§ **TASK STATEMENT**
The reply should contain the full listing exactly as written and no pictures at all.

§ **DATA SUPPLIED**

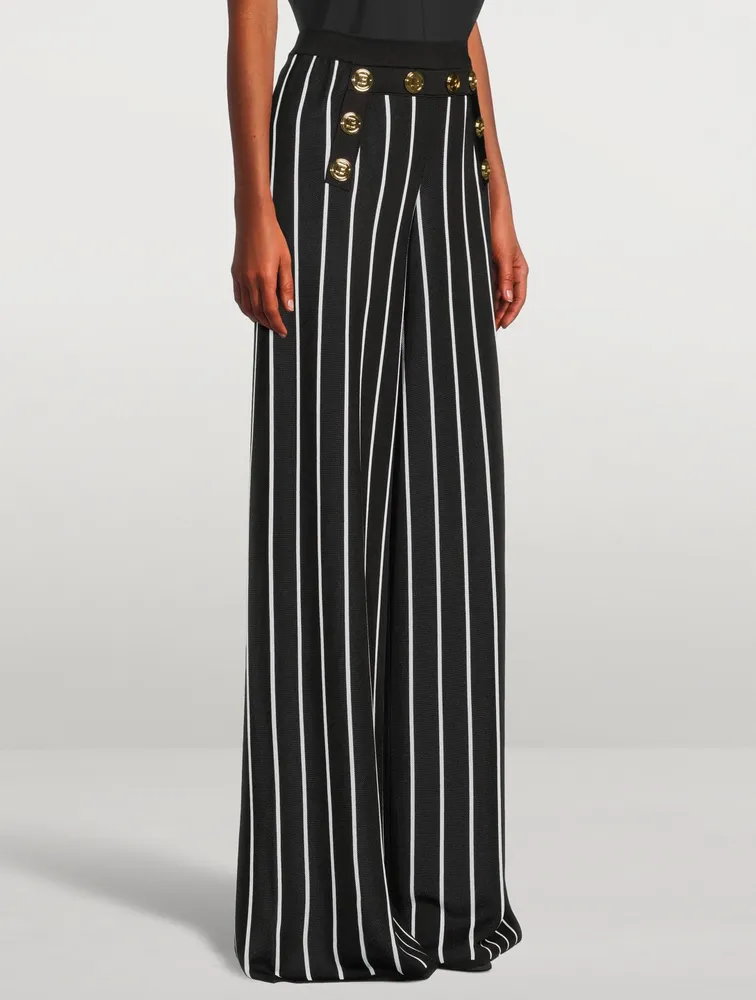 Wide-Leg Pants Striped Print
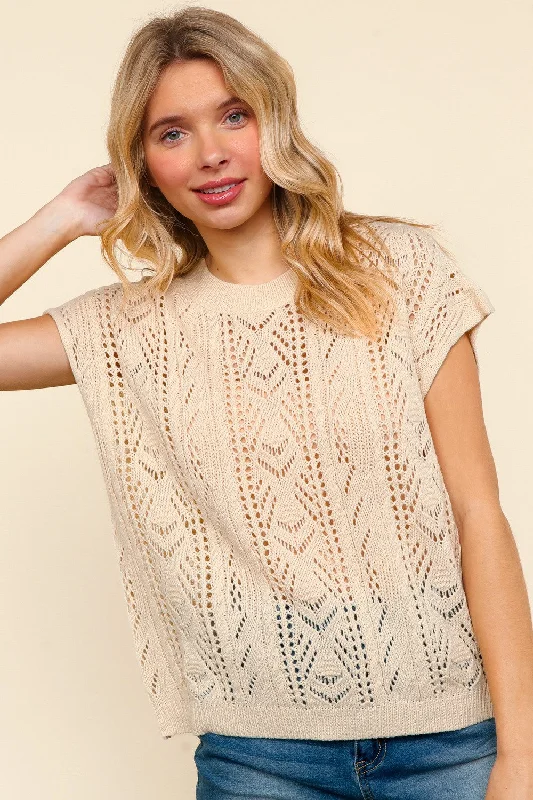 Overstock windbreaker jacketPLUS OATMEAL DOLMAN SHORT SLEEVE CROCHET SWEATER KNIT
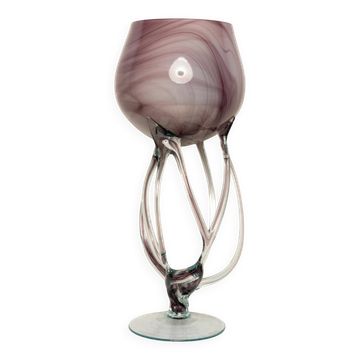 Vase artistique violet vintage milieu du siècle, Pologne, 1970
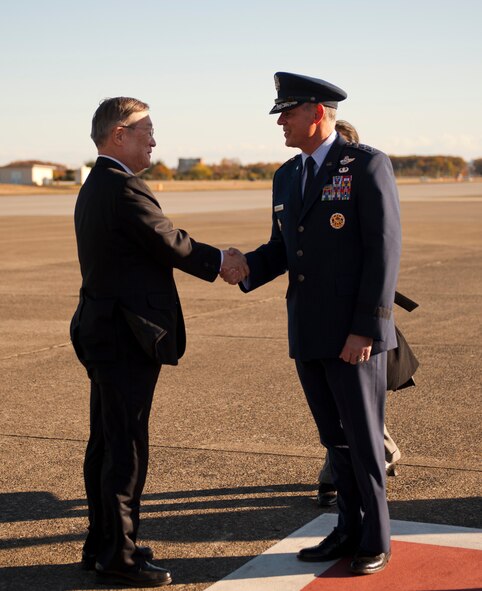 YOKOTA AIR BASE, Japan -- Lt. Gen. Sam Angelella, right, U.S. Forces,  Japan, and 5th Air Force commander, greets Japanese Defense Minister Satoshi Morimoto at Yokota Air Base, Japan, Nov. 27, 2012. (U.S. Air Force photo/ Airman 1st Class Krystal M. Garrett) 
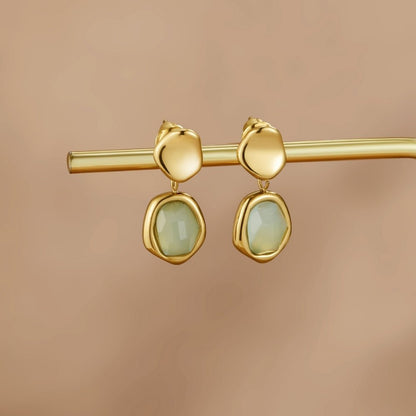 Gold Aquamarin Tropfen Ohrringe Alma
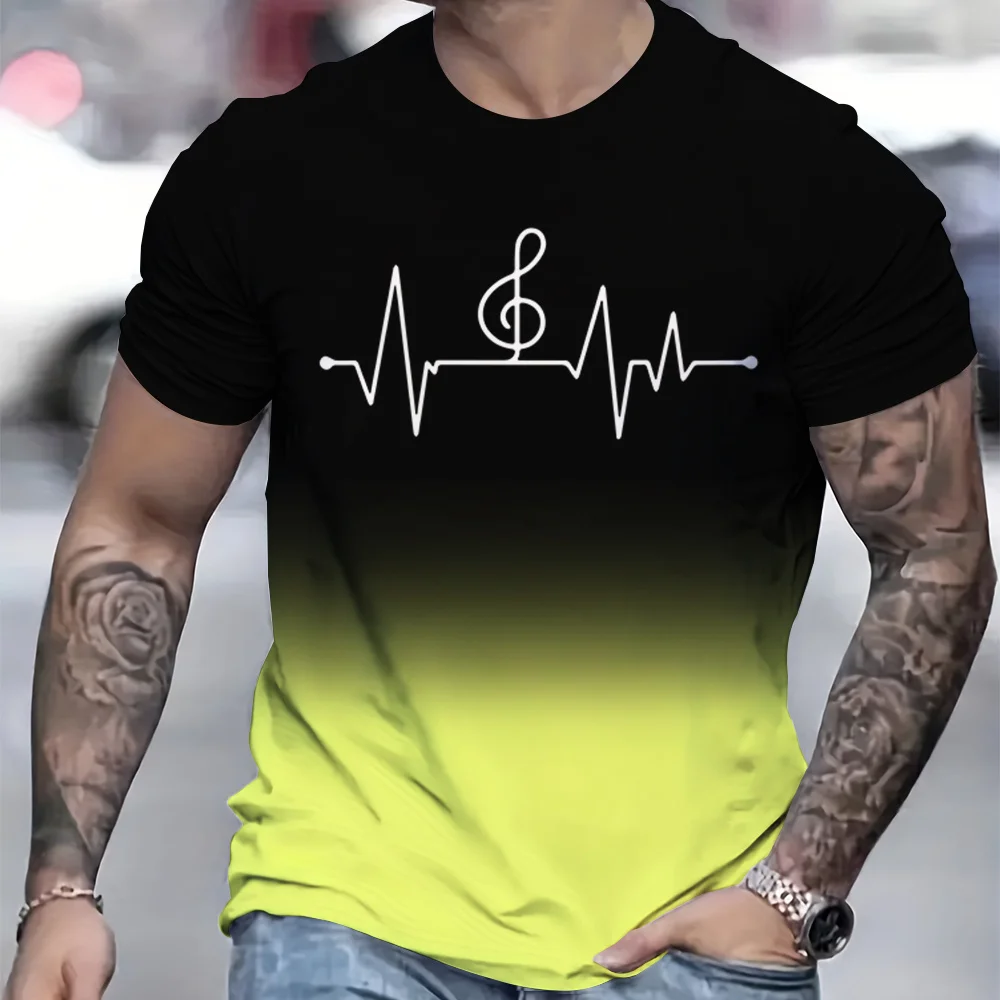 Camiseta informal para hombre, camiseta de manga corta con estampado 3D de ondulación para gimnasio, ropa de gran tamaño para exteriores, novedad de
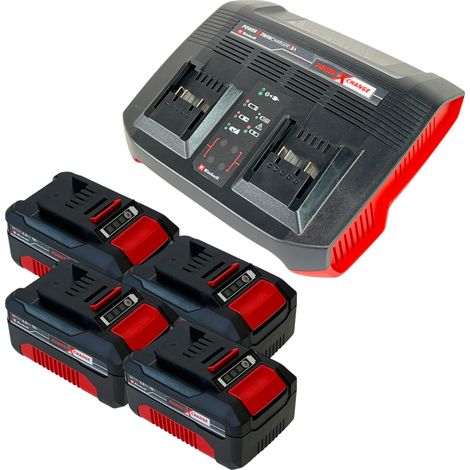 Einhell PXC Starter Kit 4x batería recargable Power X-Change 18 V 4,0 Ah ( 4x 4511396 ) + cargador doble Power X-Twincharger 3A ( 4512069 )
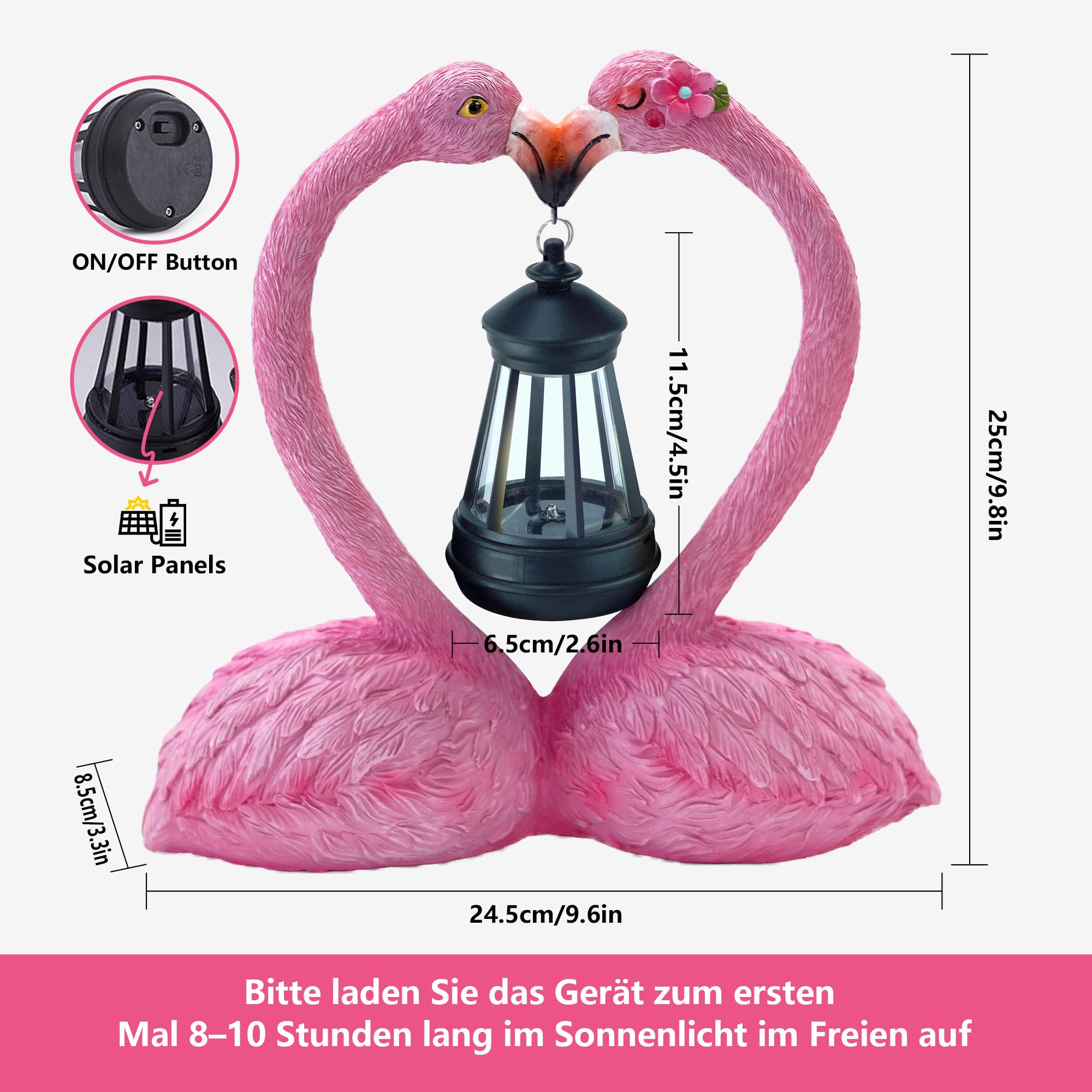 25cm Herzförmige Flamingo Deko, Solar Flamingo Gartenfiguren, Geschenke für Frauen, Einzigartige Einweihungsgeschenke für Mütter, Liebhaber und Geschenke zum Jahrestag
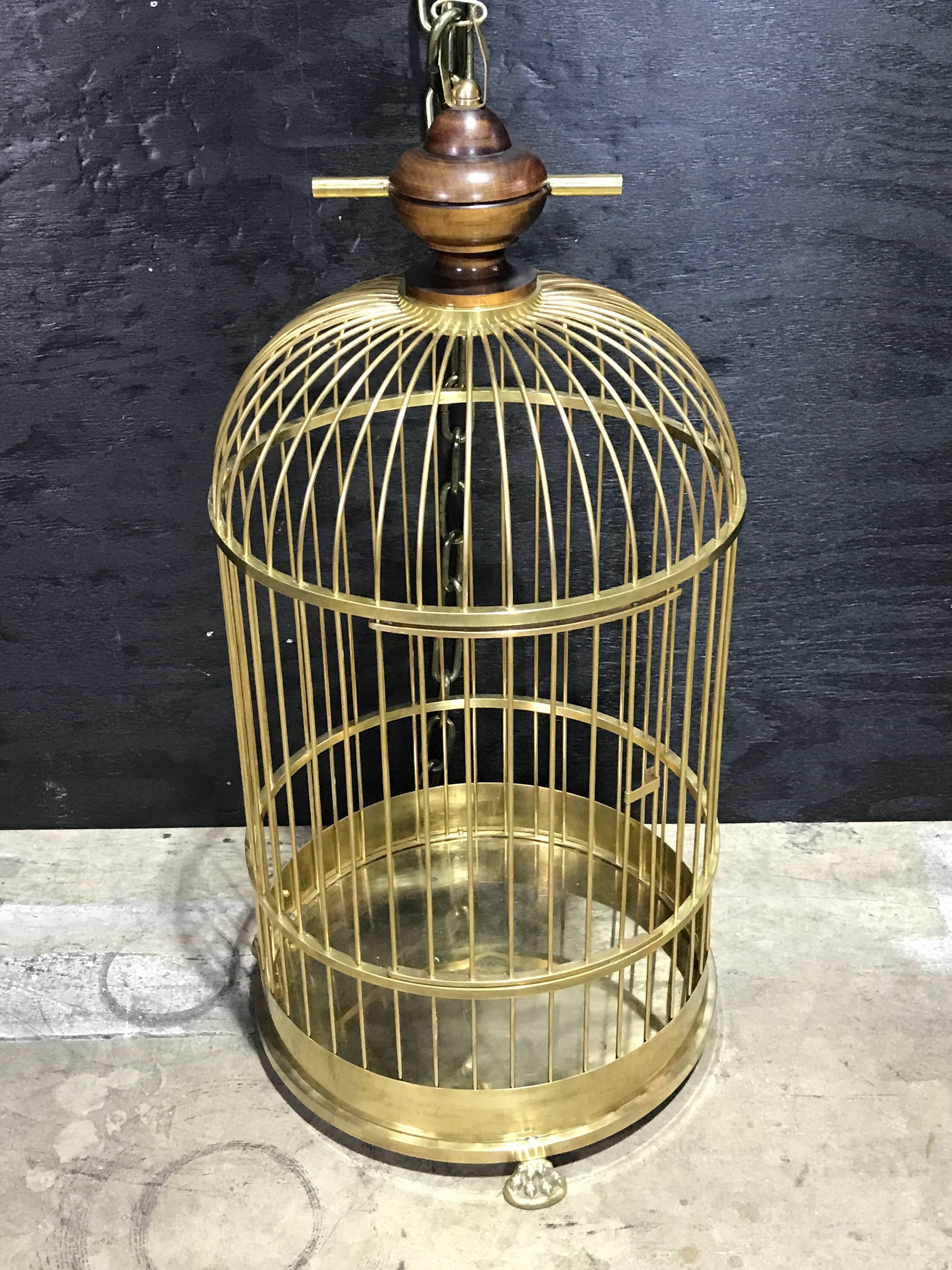Regency style brass and mahogany bird cage with single swing door, raised on three paw feet.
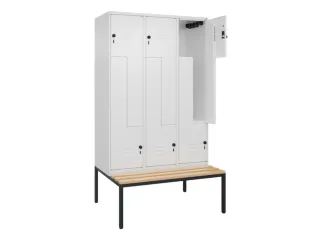 Z-garderobekast,HxBxD 2120x1200x815mm,6vak,vak B 400mm,draaigrendel - 2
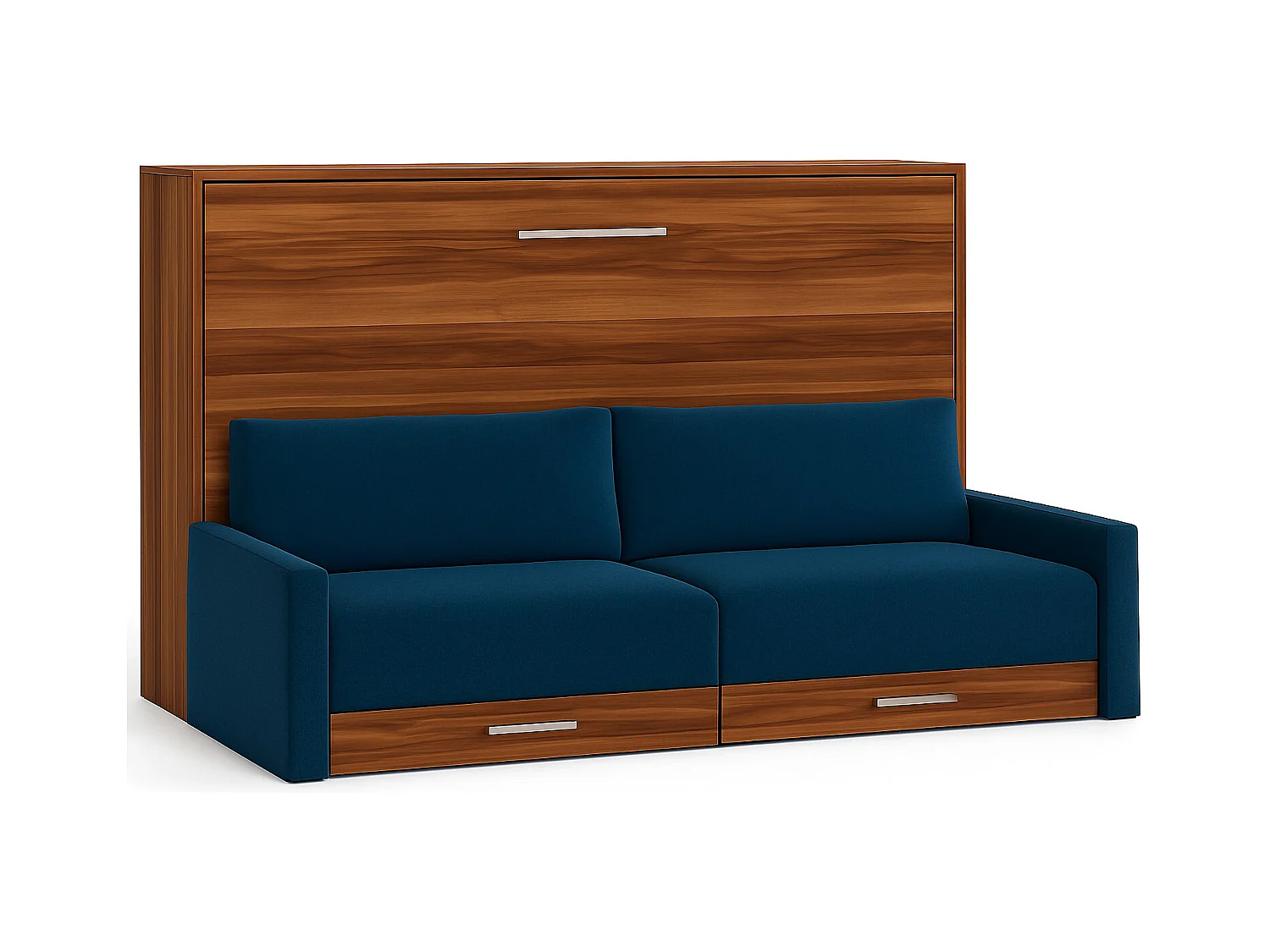 Lit escamotable horizontal avec canapé VETAL-140x200-Canapé Bleu foncé-Structure Noyer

§ **EXPECTED OUTPUT**
 Wide-Leg Pants Striped Print
 Overstock windbreaker jacketPLUS OATMEAL DOLMAN SHORT SLEEVE CROCHET SWEATER KNIT
 Vase artistique violet vintage milieu du siècle, Pologne, 1970
 YOKOTA AIR BASE, Japan -- Lt. Gen. Sam Angelella, right, U.S. Forces,  Japan, and 5th Air Force commander, greets Japanese Defense Minister Satoshi Morimoto at Yokota Air Base, Japan, Nov. 27, 2012. (U.S. Air Force photo/ Airman 1st Class Krystal M. Garrett) 
 Gold Aquamarin Tropfen Ohrringe Alma
 Camiseta informal para hombre, camiseta de manga corta con estampado 3D de ondulación para gimnasio, ropa de gran tamaño para exteriores, novedad de
 Einhell PXC Starter Kit 4x batería recargable Power X-Change 18 V 4,0 Ah ( 4x 4511396 ) + cargador doble Power X-Twincharger 3A ( 4512069 )
 25cm Herzförmige Flamingo Deko, Solar Flamingo Gartenfiguren, Geschenke für Frauen, Einzigartige Einweihungsgeschenke für Mütter, Liebhaber und Geschenke zum Jahrestag
Regency style brass and mahogany bird cage with single swing door, raised on three paw feet.
 Z-garderobekast,HxBxD 2120x1200x815mm,6vak,vak B 400mm,draaigrendel - 2
 Lit escamotable horizontal avec canapé VETAL-140x200-Canapé Bleu foncé-Structure Noyer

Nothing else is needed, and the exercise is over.